**Aim of the task**
Below is a block of records; reproduce all of them exactly and leave out any pictures.

**Study material**
*****

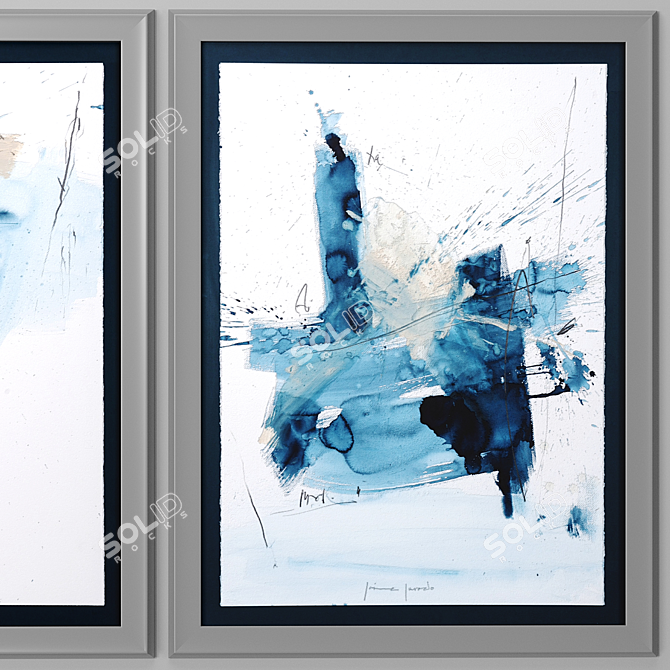 Azul I & II: Paper Painting, Framed Art by Novocuadro Art Company 3D model image 2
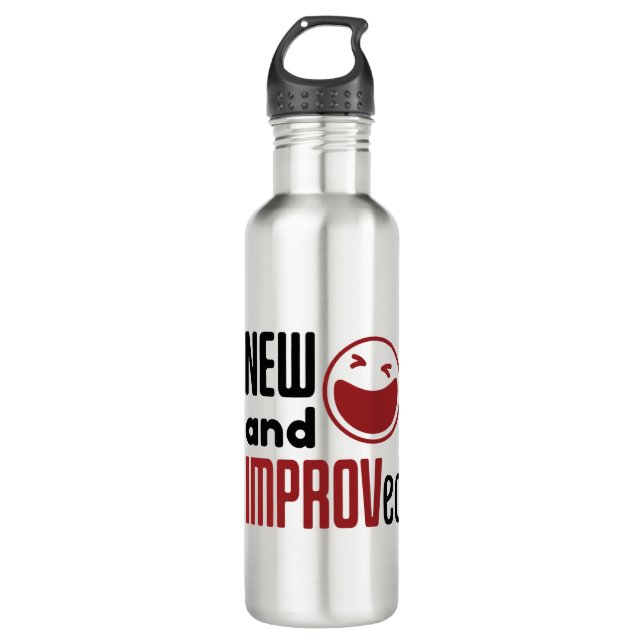 Improv Comedy Improvisation Comedian New IMPROVed 710 Ml Water Bottle (Front)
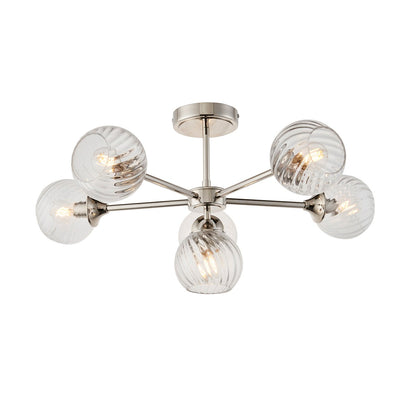 Allegra 6 Ceiling Light - Bright Nickel
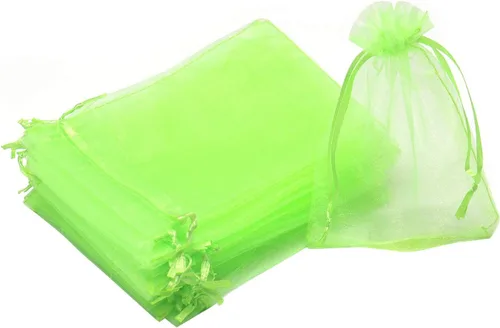 Miniatura 10 de Dealglad 100pcs Drawstring Organza bolsas de joyería caramelo para fiestas, casamientos, regalos Amarillo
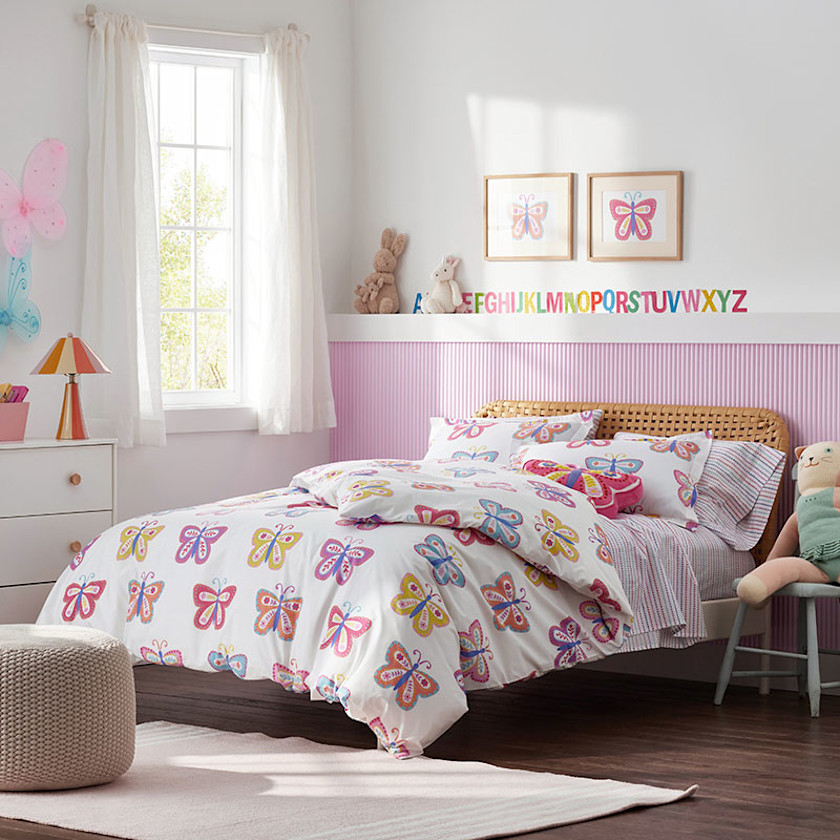 Colorful Butterflies Classic Cool Organic Cotton Percale Duvet Cover Set,Multi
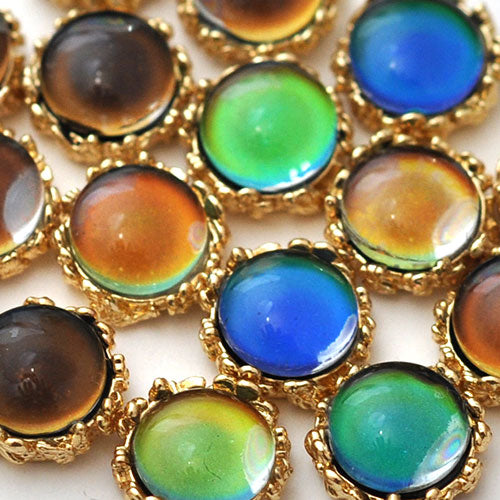 温度で色が変化する 不思議なジュエリー2個入 メタルパーツ ネイルジュエリー ネイルパーツ | ジェルネイル ネイル パーツ 花 ジェル ネイル用品 メタル デコパーツ ジュエリーネイル ジェルネイルパーツ ネイル工房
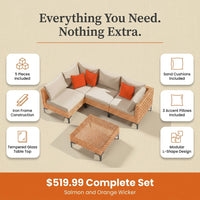 5 Piece Outdoor Patio Furniture Set Modular Outdoor Furniture Set Wicker Outdoor Sectional Sofa with Cushions and Table Patio Set for Balcony Porch Deck Yard ( (Salmon&Orange Wicker, Sand Cushion)) — Results & Stats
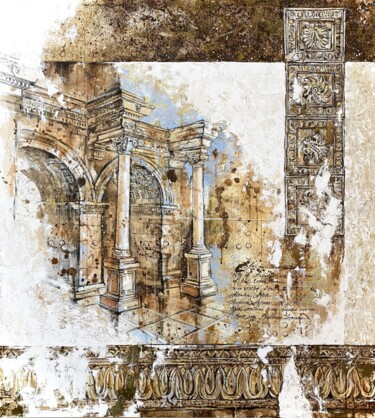 Peinture intitulée "Hadrian's Gate" par Mariya Volynskih, Œuvre d'art originale, Acrylique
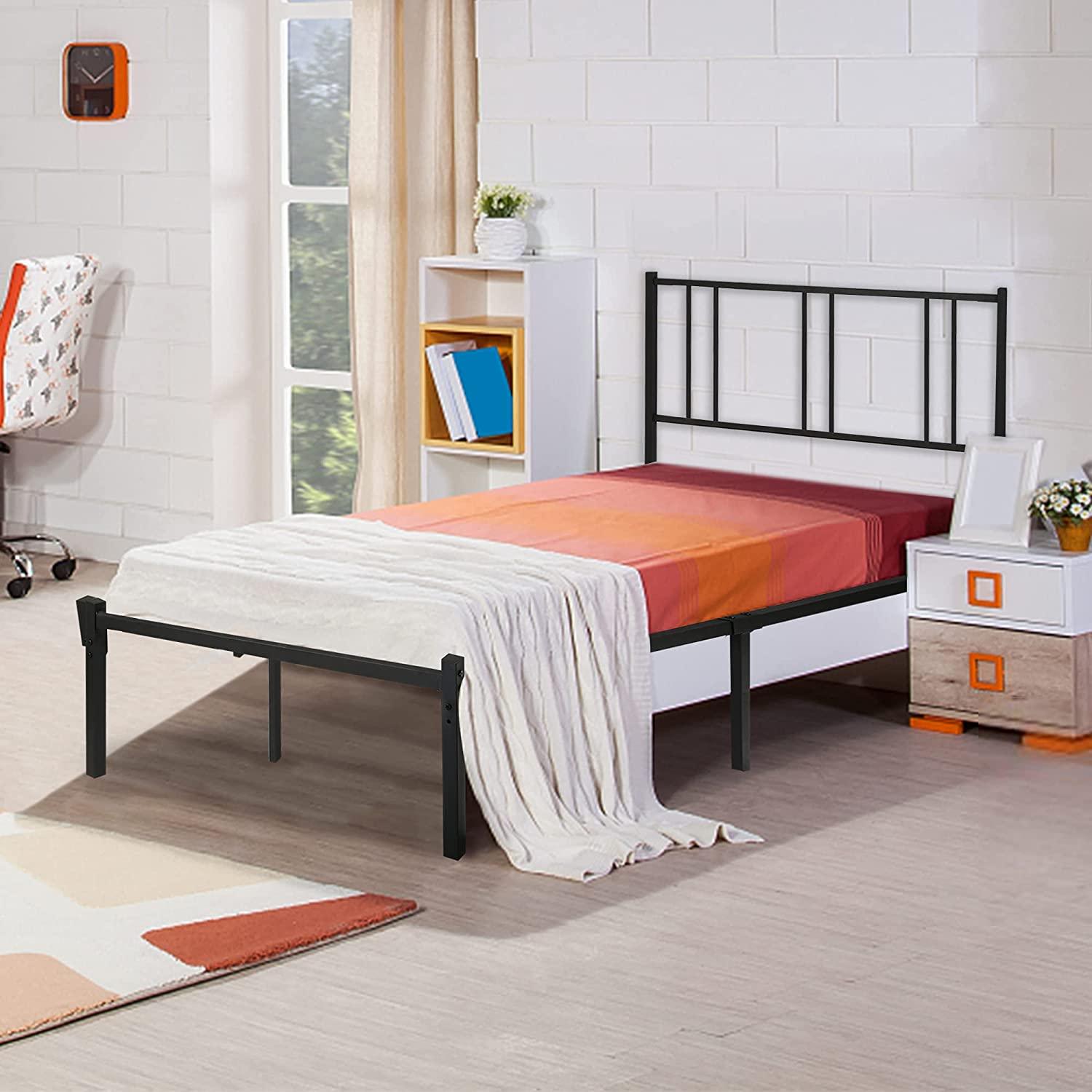 Twin Size Platform Bed with Headboard, Sturdy Metal Frame Noise Free, Easy to Assemble - Bosonshop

*****

**Result for this exercise**
 Azul I & II: Paper Painting, Framed Art by Novocuadro Art Company 3D model image 2
 Improv Comedy Improvisation Comedian New IMPROVed 710 Ml Water Bottle (Front)
 Allegra 6 Ceiling Light - Bright Nickel
 Miniatura 10 de Dealglad 100pcs Drawstring Organza bolsas de joyería caramelo para fiestas, casamientos, regalos Amarillo
 Colorful Butterflies Classic Cool Organic Cotton Percale Duvet Cover Set,Multi
 温度で色が変化する 不思議なジュエリー2個入 メタルパーツ ネイルジュエリー ネイルパーツ | ジェルネイル ネイル パーツ 花 ジェル ネイル用品 メタル デコパーツ ジュエリーネイル ジェルネイルパーツ ネイル工房
 5 Piece Outdoor Patio Furniture Set Modular Outdoor Furniture Set Wicker Outdoor Sectional Sofa with Cushions and Table Patio Set for Balcony Porch Deck Yard ( (Salmon&Orange Wicker, Sand Cushion)) — Results & Stats
 Peinture intitulée "Hadrian's Gate" par Mariya Volynskih, Œuvre d'art originale, Acrylique
 Twin Size Platform Bed with Headboard, Sturdy Metal Frame Noise Free, Easy to Assemble - Bosonshop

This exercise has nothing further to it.